It's just like if Greensboro builds that Aquatics Center and nobody comes to use it. Taxes would need to go up because ticket sales would not be producing the revenue the city anticipated. Randleman was built because water use was supposed to go up! Sorry but now it is time to pay for bad decisionmaking by the dam scammers.


So much less water is being sold today than was projected that the water department cannot pay for its operations plus the dam. Waste water treatment (sewer) sales are also insufficient. The bogus reasons the city is giving for rate increases are not being investigated or reported.



The real reason for the Randleman Dam was to attract industry with plenty of surplus water. However, city insiders—the dam scammers—knew the public would not fund such a project for growth and development. So Greensboro pitched the Randleman Dam for “survival” knowing it would be funded.

The water department caused its own reservoirs and distribution system to fail to gain support for expanding the water works. I saw how they did it with my own two eyes. I was there and you were not there. I was expected to go along with the fraud and I could not participate. Fortunately for Greensboro's taxpayers my business ethics are derived from my Christian faith. I was on TV and radio frequently but I would not repeat the false statements my bosses were making. In good conscience I became a whistleblower. I just happen to be a licensed Baptist minister if that helps your understanding of what I had to do.


Greensboro eliminated all other sensible alternatives to pitch the dam as the only solution to a faked water shortage. The city could have had a long-range contract to purchase Burlington’s surplus water but water director Ray Shaw would have nothing to do with Burlington….or with water conservation. 

Shaw’s career dream was to build the Randleman Dam. It may have even been an obsession. He actually believed his water department would build it and operate it. That’s what engineers do—they design and build for a living. And Greensboro’s water engineers have kept right on designing and building even when water use has declined for 14 years! Private sector companies downsize when sales are bad but the government water works expands when sales are bad. Think about it…because nobody else is.



Have you ever heard of a department head wanting to grow his department? Shaw had his finger on the scale for the dam for most of his career. Some of the council members probably knew that. No doubt some were all for Shaw’s tricks because they were so effective.

Ray Shaw refused all best management practices and far less expensive alternatives to the Randleman Dam. Shaw’s foolish choices have never been investigated or reported.

The reason for the news media’s silence about the dam scam is that the news media is looking dam foolish right now for failing to scrutinize such an expensive public works project. Nobody wants to jump in at this late stage because the water is too hot. You Mr. Cone gave it your best shot as if your explanation was the final chapter on the dam scam and the dam scam need not be mentioned again.

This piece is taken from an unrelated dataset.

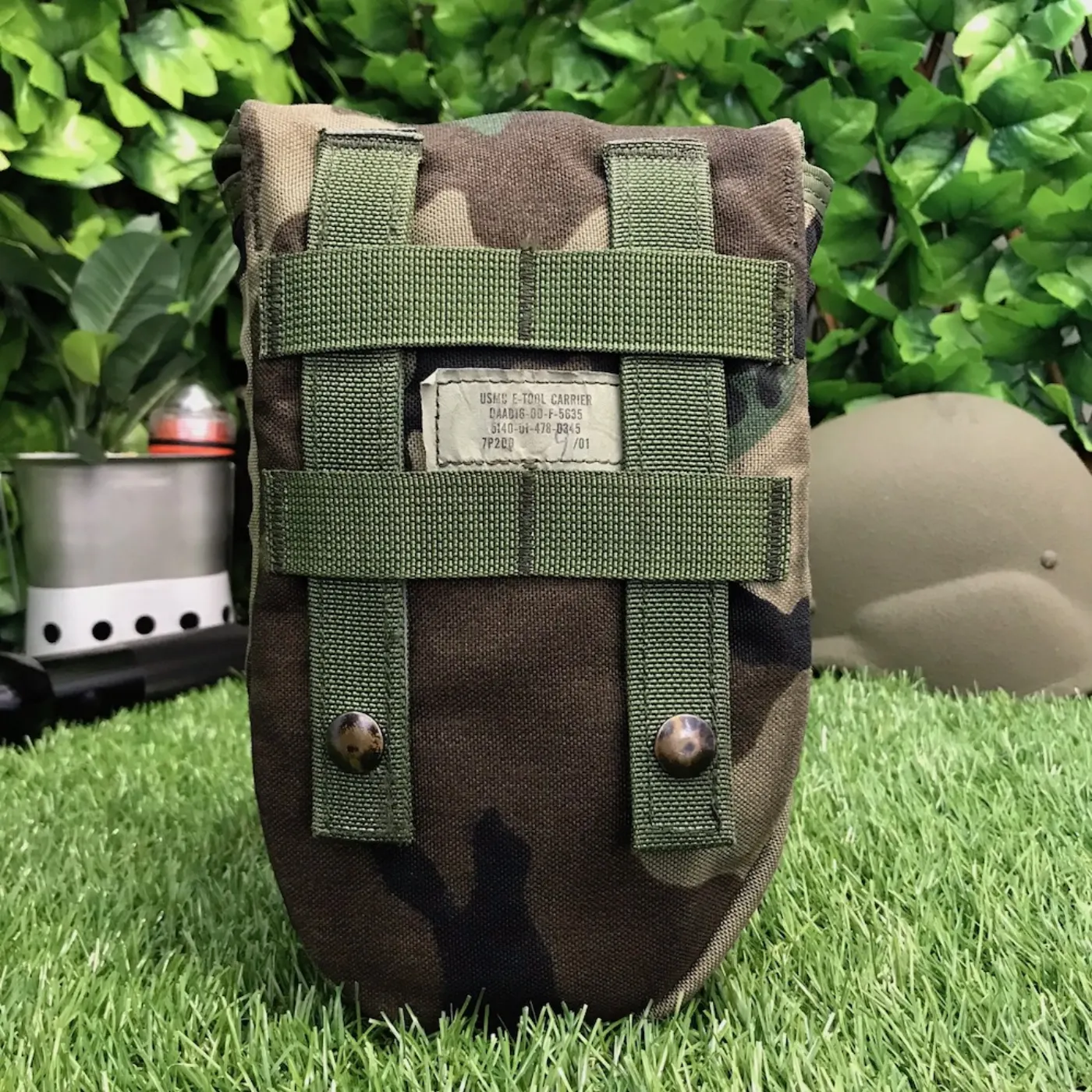 USMC E-TOOL ポーチ 中古品 記録写真3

I am not a journalist like you, but I have the truth and I have witnessed the inner workings of this scam. I am reporting and you are only repeating what you have read. For example, in your post you have repeated what others have claimed—that Randleman Dam will meet the Triad’s water needs for the next 50 years. That’s hilarious! Greensboro cannot accurately forecast even 5 years into the future and yet you are repeating that Randleman is good for 50 years! According to who?—according to the propaganda. If I was John Hammer my Rhino headline would be, “Greensboro wants us to believe Randleman will meet water demand for 50 years when Greensboro could not predict its water needs for 5 years.” The emperor is naked.

Please show me the "study" that supports the claim for 50 years of water. I say there isn’t one. Only a fool would "sign off" on a 50-year projection these days. You read "50 years" in the News & Record and other in reports and you believe it and you repeat it. I say 50 years is laughable. It is made for the camera and you bought it.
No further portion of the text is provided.